Terlalu Banyak Insentif Pajak, Utang Pemerintah Terancam Bengkak
Penerimaan pajak berpotensi turun dalam beberapa tahun ke depan, seiring banyaknya insentif serta rencana penurunan tarif pajak. Akibatnya, defisit Anggaran dan Pendapatan Negara (APBN) dan utang pemerintah berpotensi kian membengkak.
Pemerintah, mengucurkan insentif berupa tax holiday, tax allowance, serta super deduction tax untuk pengembangan vokasi, penelitian, dan industri padat karya. Selain itu, Kementerian Keuangan juga tengah mempersiapkan Rancangan Undang-Undang Perpajakan, yang antara lain memuat penurunan tarif Pajak Penghasilan (PPh) badan dari 25% menjadi 20% secara bertahap mulai 2021
RUU Perpajakan tersebut juga akan menghapus Pajak Penghasilan (PPh) atas dividen untuk seluruh kepemilikan saham. Saat ini, hanya pemegang saham di atas 25% yang tak dikenakan pajak tersebut.
Ekonom Institute for Development of Economics and Finance (INDEF) menilai penurunan tarif PPh badan, penghapusan PPh atas dividen, serta beragam insentif lainnya dapat membuat penerimaan negara, terutama yang berasal dari pajak menurun dalam beberapa tahun ke depan. Pasalnya, kondisi ekonomi global masih akan menghadapi ketidakpastian.
"Kondisi ekonomi global kemungkinan akan mengalami perlambatan, perang dagang hingga kini belum jelas nasibnya. Dengan situasi tersebut, sulit untuk meningkatkan penerimaan. Dampaknya, defisit APBN dan utang bisa meningkat," ujar Bhima kepada Katadata.co.id, Rabu (4/9).
(Baca: Godok RUU Perpajakan, Sri Mulyani Siapkan Insentif dan Tarif PPh)
Menurut dia, dampak insentif pajak terhadap perekonomian sendiri membutuhkan waktu paling cepat 3-5 tahun. Apalagi, kondisi perekonomian global saat ini tak mendukung investor untuk meningkatkan investasi.
"Ada insentif pajak tak serta merta membuat investor ingin investasi, mereka juga melihat situasi ekonomi. Apalagi, jika perizinan dan regulasi masih berbelit. Mungkin bukan insentif pajak yang dibutuhkan pengusaha," ungkap dia.
Ia mencontohkan, pada tahun lalu belanja pajak pemerintah untuk memberikan stimulus ekonomi melalui insentif mencapai Rp 221 triliun. Namun, pertumbuhan ekonomi tahun lalu masih berada di kisaran 5%.

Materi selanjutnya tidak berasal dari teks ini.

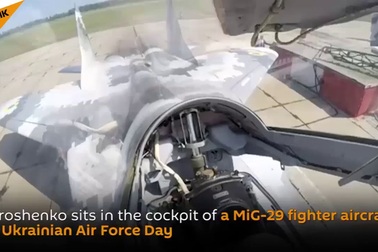 Tổng thống Ukraine bay trên MiG-29 nhân Ngày Không quân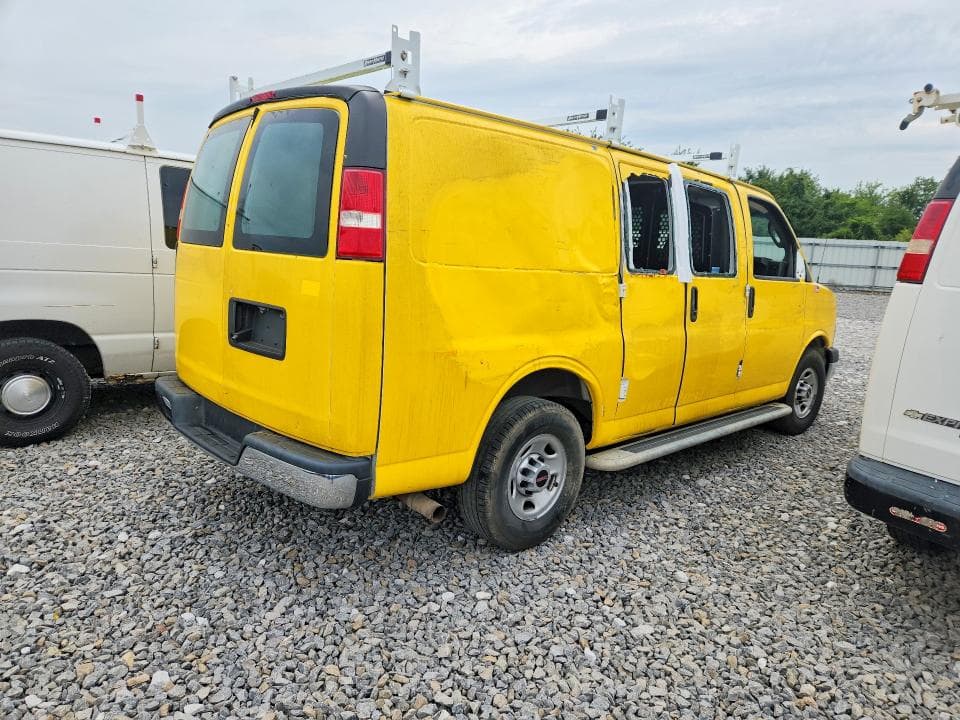 2019 GMC SAVANA G2500 3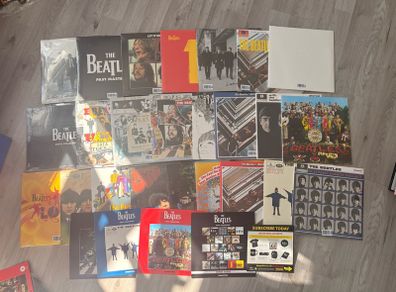 The Beatles De Agostini Vinyl Collection Complete 23 Album Set ALL Factory Sealed + Booklets + T-Shirt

Penerimaan negara yang hilang dari insentif pajak akhirnya tak bisa ditutup dengan peningkatan investasi seperti harapan pemerintah.

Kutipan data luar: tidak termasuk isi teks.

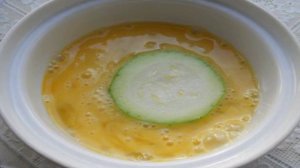 Кабачки жареные в яйце с острым соусом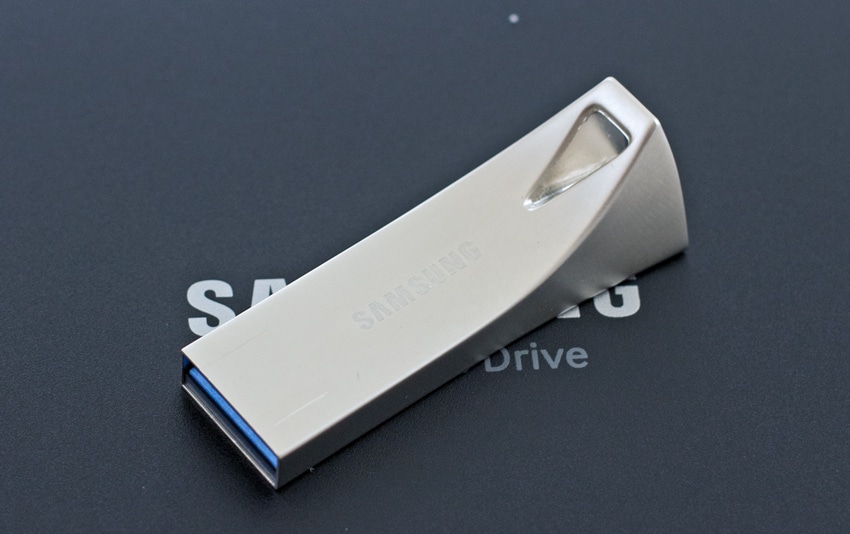 Ballade portugisisk I øvrigt Samsung USB 3.1 BAR Plus Review (256GB) - StorageReview.com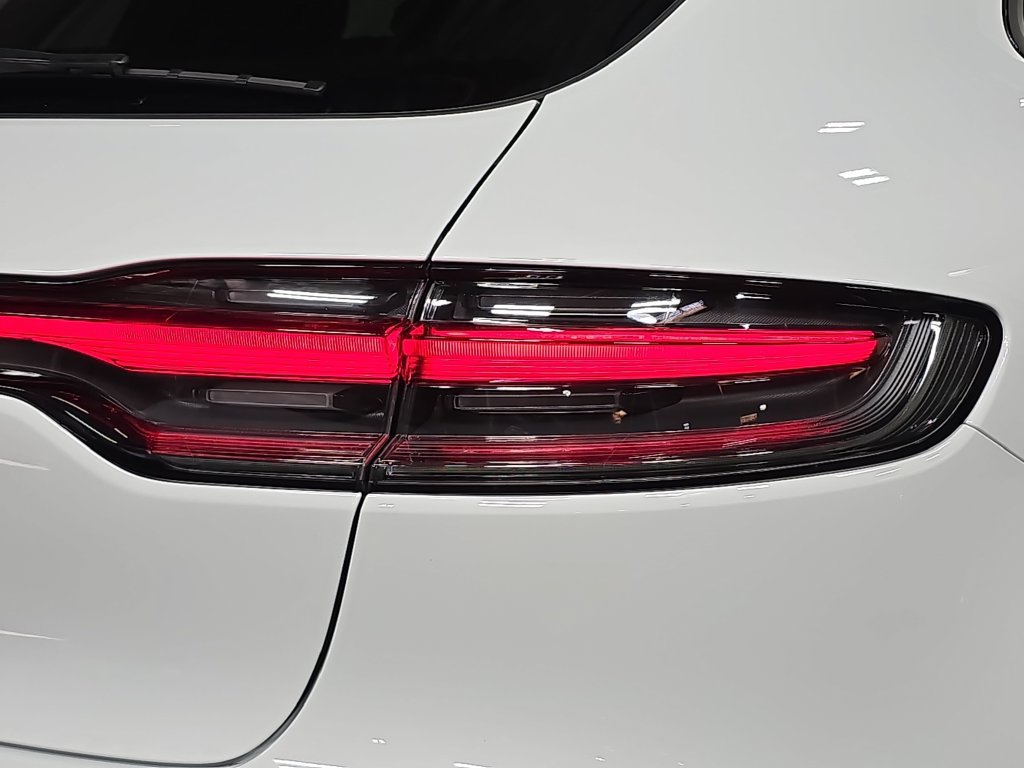 Certified 2025 Porsche Macan S AWD/4WD image 30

Pemerintah, menurut dia, harus mempertimbangkan kembali waktu yang tepat dalam mengucurkan insentif pajak. Selain itu, insentif pajak juga harus diberikan secara selektif dan transparan.
"Di beberapa negara, wajib pajak yang menerima insentif datanya dibuka sehingga ada transparansi. Ini seharusnya juga dapat dilakukan pemerintah," ungkap dia.
(Baca: PPh Badan Turun Bertahap Jadi 20%, Penerimaan Akan Hilang Rp 54 T)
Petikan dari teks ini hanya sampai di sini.